Brief descriptive captions:

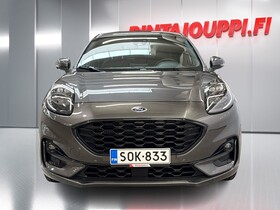 Ford Puma vaihtoauto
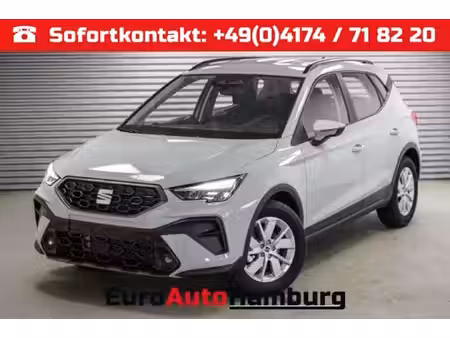 Seat Arona 1.0 TSI 95 Référence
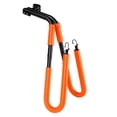 thumbnail image 4 of Surfboard Racks Bike Surfboard Hanger Compatible with Shortboards Longboards Paddleboards (Orange), 4 of 7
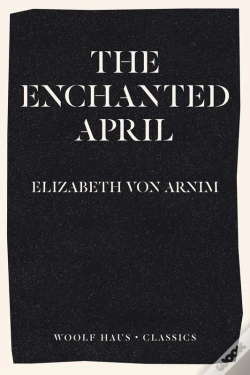 Capa do artigo Enchanted April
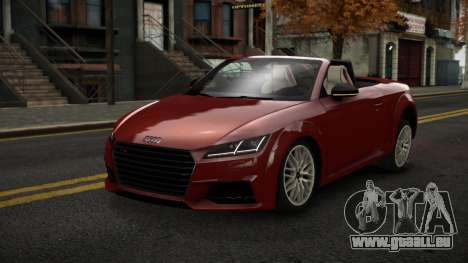 Audi TT Qonjiqu pour GTA 4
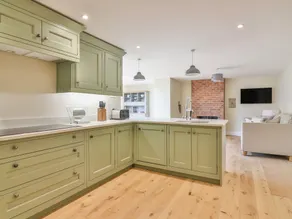 The Retreat - Cocina privada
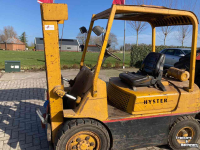 Forklift Hyster H50H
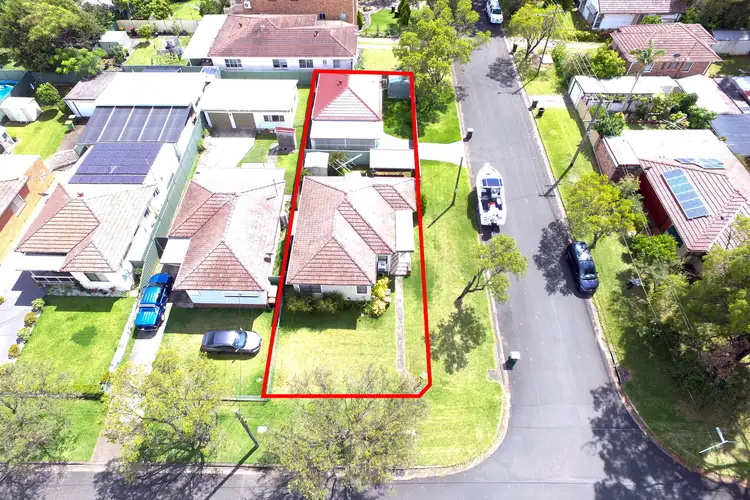 34 Mc Clelland Street, Chester Hill NSW 2162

* [WHAT IS BEING ASKED]: Pictures are to be excluded; the records themselves are to be reproduced exactly.

* [RESULT BELOW]:
 Ford Puma vaihtoauto
 Seat Arona 1.0 TSI 95 Référence
 thumbnail image 4 of Surfboard Racks Bike Surfboard Hanger Compatible with Shortboards Longboards Paddleboards (Orange), 4 of 7
 Capa do artigo Enchanted April
 Audi TT Qonjiqu pour GTA 4
 The Retreat - Cocina privada
 Forklift Hyster H50H
 34 Mc Clelland Street, Chester Hill NSW 2162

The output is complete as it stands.